GiffGaff's unlimited data on a smartphone (no tethering) is £10 at the moment, about to go up to £12 a month. This includes 250 minutes and unlimited texts. If you're price sensitive, and don't mind online-only customer service, it's the deal to go for; I have several family members on it and they've had no problems so far (been about a year I guess).
I've been on 3 and it was a nightmare; poor signal where I needed it, and the customer service was shockingly bad (though I haven't had good customer service from a mobile provider for many years).
But your mileage will vary - this is the thing about mobile phone coverage. It all depends on the signal you have on the network you're on in the places that *you* need it. And that varies with everyone. So it's a moot point and not even worth discussing really. There is no one best provider for everyone.
But this piece was about 4G vs 3G.
I can't understand the need for 4G on a smartphone (assuming you're not tethering). 3G at anything from 1 Mbps to 15 Mbps surely has to be enough to surf the web, facebook and tweet, listen to internet radio, and upload the odd picture you've taken etc?
For home broadband, yes, totally get it, but the backhaul matters even more than the downlink there, and who actually believes that they will be investing in that as quickly (or at all)?
I made the mistake of switching to 3 (for stupid reasons due to carphone warehouse and t-mobile being cretins)... and haven't had a worse data network for years. And this is saying some as I had the "pleasure" of using some of the earliest mobile Internet PC-cards and USB dongles.

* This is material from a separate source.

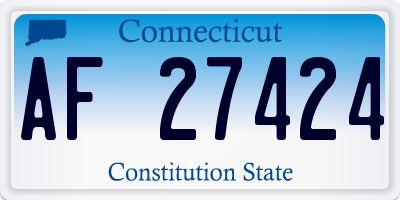 CT license plate AF27424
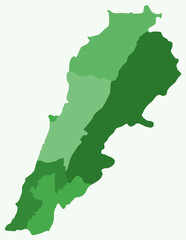 Map of Lebanon with regions. Just a simple country border map with region division. Green color palette. Blank Lebanese Republic shape with administrative division. Vector illustration.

For family reasons I frequently spend time in Cornwall. 3 and any data coverage down there? Forget it, the useless POS network might have a reasonable voice coverage but as the decided to only supply 3g connections and where not available, back this up with precisely nothing, this leaves a good chunk of the South West of the country in a black hole. Not just these areas either - I'm often about the rest of the country and finding fresh no-Internet zones, usually wherever I'm staying...
I really need to go and slap carphone warehouse for being useless and for 3 providing a service that is not fit for purpose... should be enough to cancel the contract.

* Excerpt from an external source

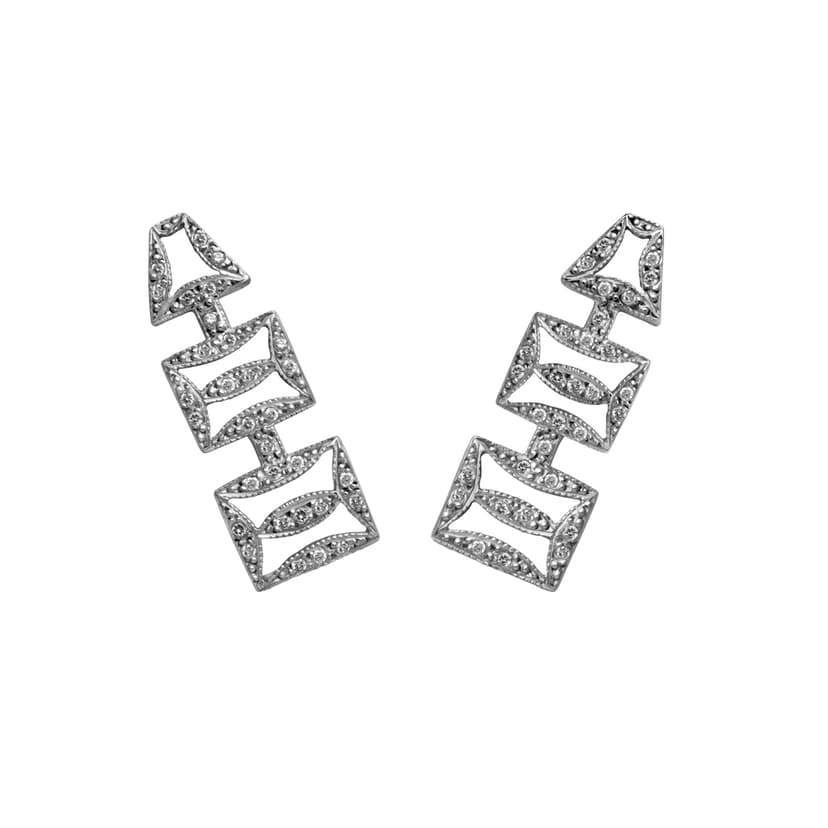 EAR CUFF APRENDIZADO EM OURO BRANCO 18K COM DIAMANTES.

I'm with you, Andrew. I consider myself to be part of the internet revolution. I've recently binned Vodafone due to their inability to service customers in the evening ("I'm sorry, our offices are closed. You can contact us on a webform" <but don't ever expect us to reply>) and an inability to fix dodgy network equipment in my home area. I also resent being sent a text to inform me that I'm near my 500MB data limit, when my data limit is 1GB.

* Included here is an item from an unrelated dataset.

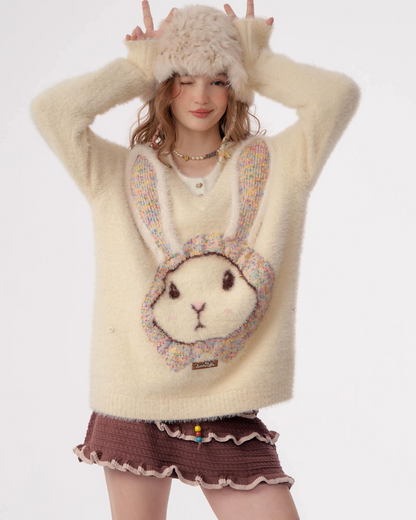 Bunny Girl Apricot Over Knit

So now, I'm on Three. I haven't yet needed to talk to their customer service, so don't know whether or not they'll deal with me in the evenings. But with their One Plan, I now don't ever have to worry about using up too much data. Their speed is sufficient for me and I took it on with their upgrades to HSPA+ in mind. Like you say, 12Mbps will do on a proven technology.
But here's the really important bit. I'm an iPhone user, I'll freely admit. The way it looks for networks is to find the one that it thinks is best, so Wifi first, 3G followed by Edge followed by GPRS. Frankly, I don't want my phone bothering with anything that's not 3G - I'd rather not bother trying to use the internet without 3G. And as Three doesn't have any non-3G and (with, I understand some rural exceptions) no longer partners with a 2G network as backup, I don't get those frustrating times when the phone switches from 3G to E to O. And back again.
Did I mention that I didn't have to worry about how much data I'm using? And did I mention that battery life on the 3G signal is good enough?
I'll come back to this 4G when it's a bit more mature; maybe by then, I'll have had plenty of use out of my iPhone 4S and will want to upgrade. Maybe by then, I'll have plenty of things that work with whatever proprietary connector my next phone has.
Right now, the poor choice of networks with 4G, the poor choice of equipment that works with a 4G iPhone 5 and the inflated prices with limited data capacity... the odds aren't in 4G's favour.
And me. I've got a 3 Mifi gizmo on a contract that gives me 15GB pm for about £18, and I've yet to use all of it. I use it for a tablet, sometimes my Kindle, and my O2 phone since the last upgrade, when I switched to a much cheaper contract.. It's all I need for email and web browsing.
I went up north to Stockport by train earlier this week, and apart from a few stretches of open country, I had an excellent connection all the way. We've come a long way in the past few years. When I were nobbut a lad, we had to use two tin cans and some string.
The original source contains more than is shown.